What is the Pareto Principle
The Pareto Principle (also commonly known as the 80/20 principle), is an observation which states that 80 percent of outputs come from 20 percent of the inputs. It was first observed by the Italian economist Vilfredo Pareto, who observed that 80% of Italy’s wealth, came from 20% of its population. He found that this principle held roughly true in other countries and situations as well.
The Pareto Principle is a neat guide of describing distributions in real-life scenarios that holds true in a vast array of situations. That is, that each input in a scenario, is unequally distributed to the outputs of that situation.
- A common adage on Computer Science is that 20% of features contribute 80% of usage
- Microsoft also noted that 20% of bugs contribute 80% of crashes. While also finding that 20% of effort contributed 80% of features
- 20% of customers contribute to 80% of income
- 20% of workers contribute 80% of the work
It’s not simply a case of investing the same amount of input and getting an equal value out.
Why Use the Pareto Principle
I want to propose how valuable this observation is in project management and to consider using this to gain massive return on investment by adhering to it as a principle, beyond understanding the underlying statistic, whether in your own life or in your work.

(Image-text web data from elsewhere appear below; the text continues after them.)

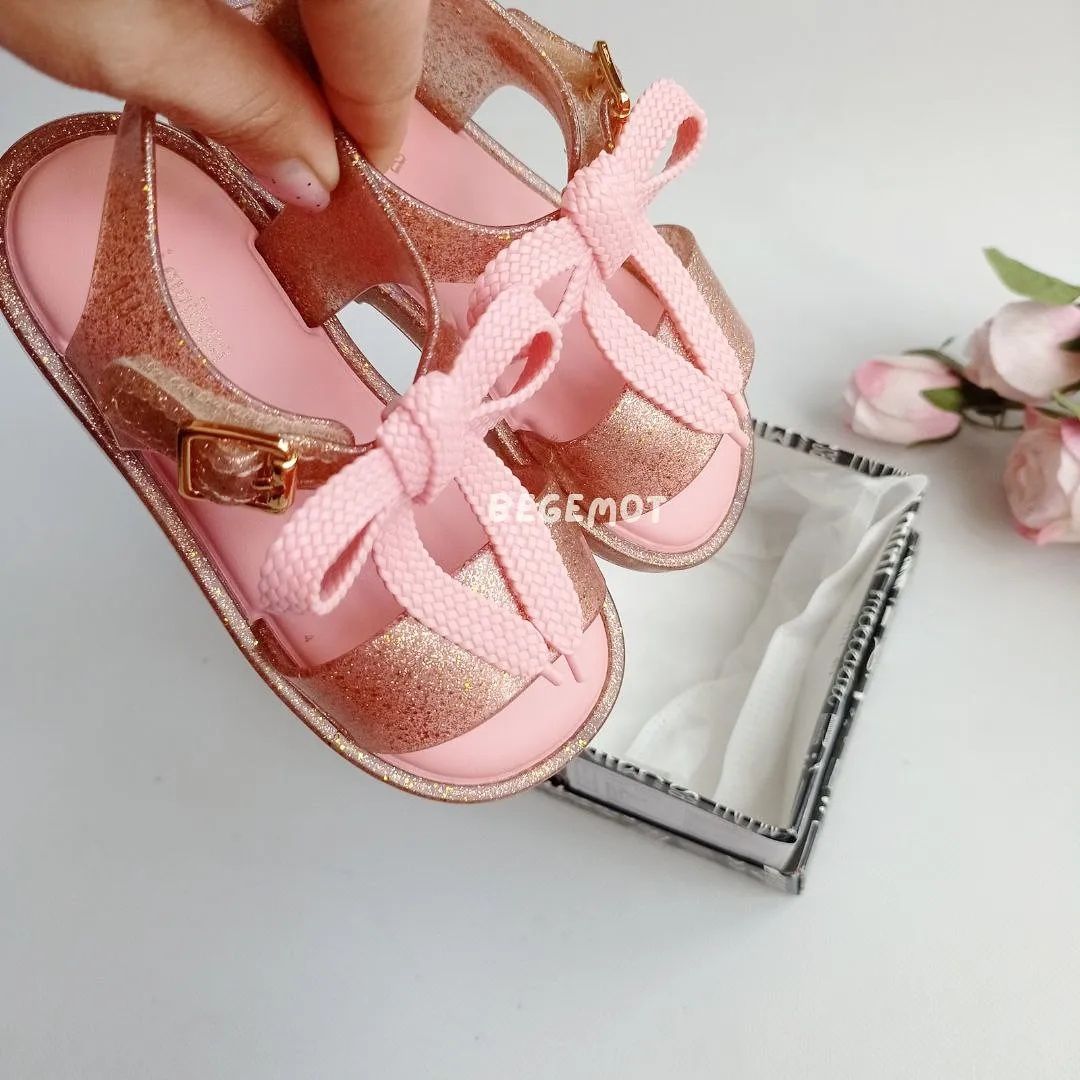 Дитячі сандалі на дівчинку mini melissa  25 26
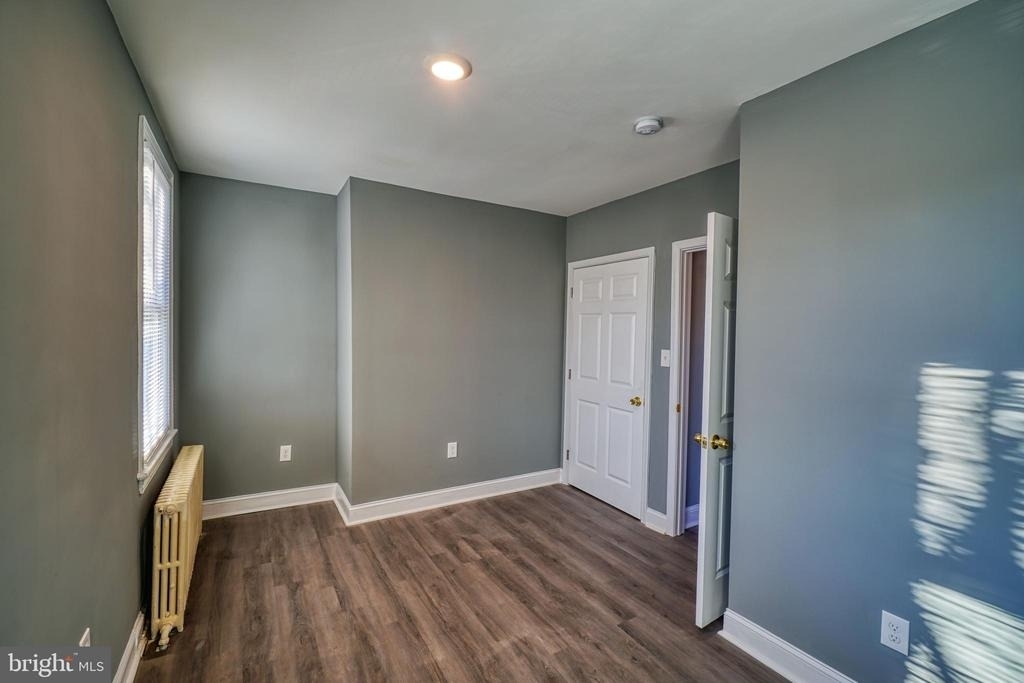 400 Douglas Street Ne - Photo 13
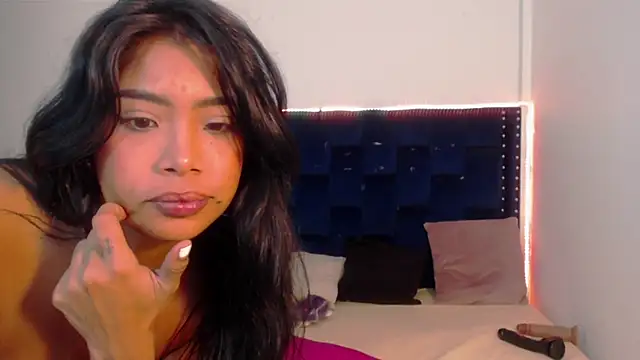 Snapshot of SaraApril_1 chatting on 02/04/25, 11:27 SaraApril 1 online show from 02/04/25, 11:27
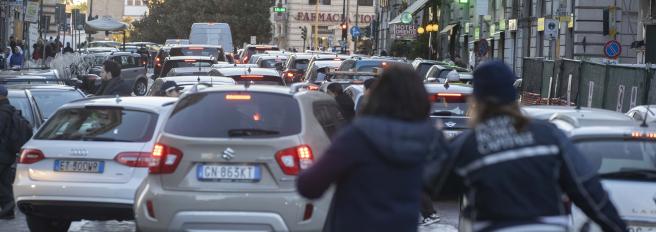 Il traffico di Roma: (se applicassimo la fisica quantistica) ecco spiegato perché finiamo in un ingorgo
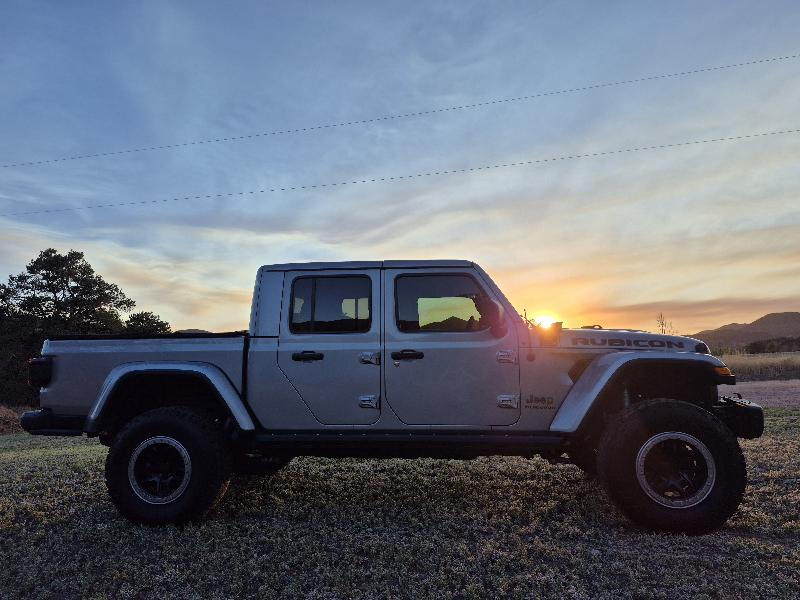 Jeep Gladiator Rubicon Crew Cab 4WD 2020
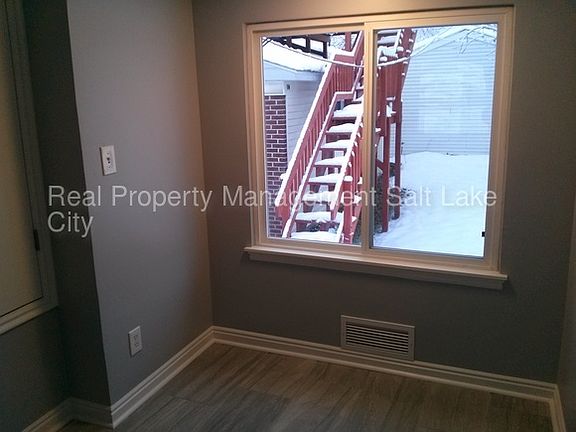 5th image of 2537 E Yermo Ave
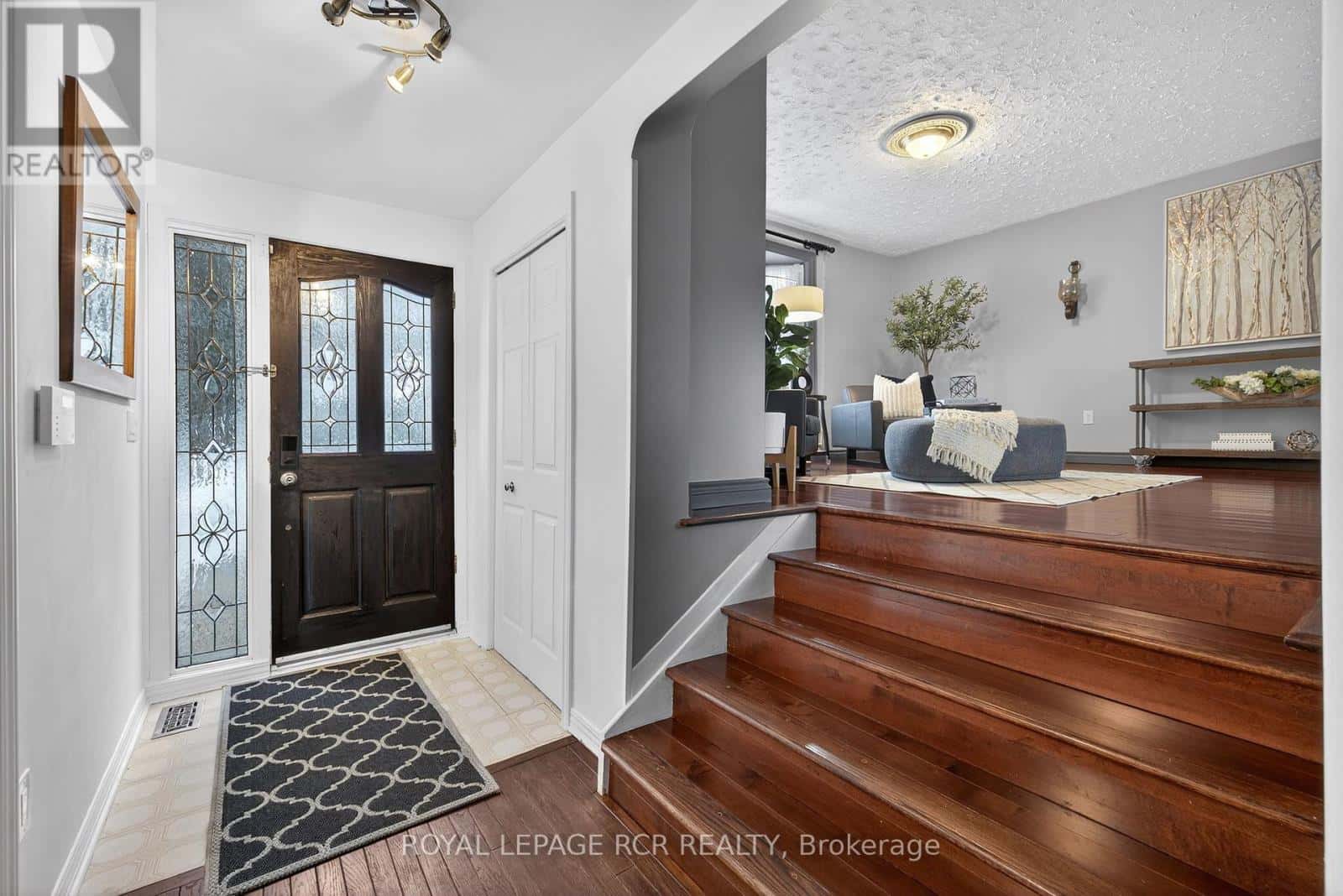 11 HILLTOP DRIVE — Caledon (Caledon East), Ontario - Photo 2 of 49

If we accept that 20% of the effort produces 80% of the results in a project or product; it conversely holds true that 80% of the effort produces only 20% of the results. In investment terms, that is a massive investment of a resource for an increasingly diminishing return on investment (law of diminishing returns) – you wouldn’t want your investment banker running those odds, so why adhere to it in life or in project management?
Instead of investing so much more in terms of effort and resource to ‘complete’ a project or product, we could focus primarily on the efforts that produce the majority of the results and forget the rest, or at least use this to make an informed decision to prioritise investments on other projects before coming back to ‘complete’ the project.
Considering this, with the 80% of resources saved, we can invest in further projects and products and get 80% return on each of them – huge returns for the same inputs!
As project managers, it’s our responsibility to find the most efficient way to get projects completed. There is a set of tasks that generate a disproportionate amount of work.
With this in mind, I want you to consciously make a decision on how we allocate resource, and not keep aiming for the perfect final product. You may very well want the perfect product, but the key is that we have a choice.
- Create 5 wire-frame prototypes instead of 1 detail one
- Build 5 features with 80% of the functionality rather than 1 perfect one
- Find a solution to 5 bug that solves the issue for 80% of users rather than 1 that resolves it for everyone
That said, if we still need the final product 100% completed, it is about making an informed decision now that will optimise our investments – focus on the 20%’ers first that produce the best bang for our buck, re-prioritising as we see fit, before returning to attain 100%.
“The difference between successful people and very successful people is that very successful people say “no” to almost everything.”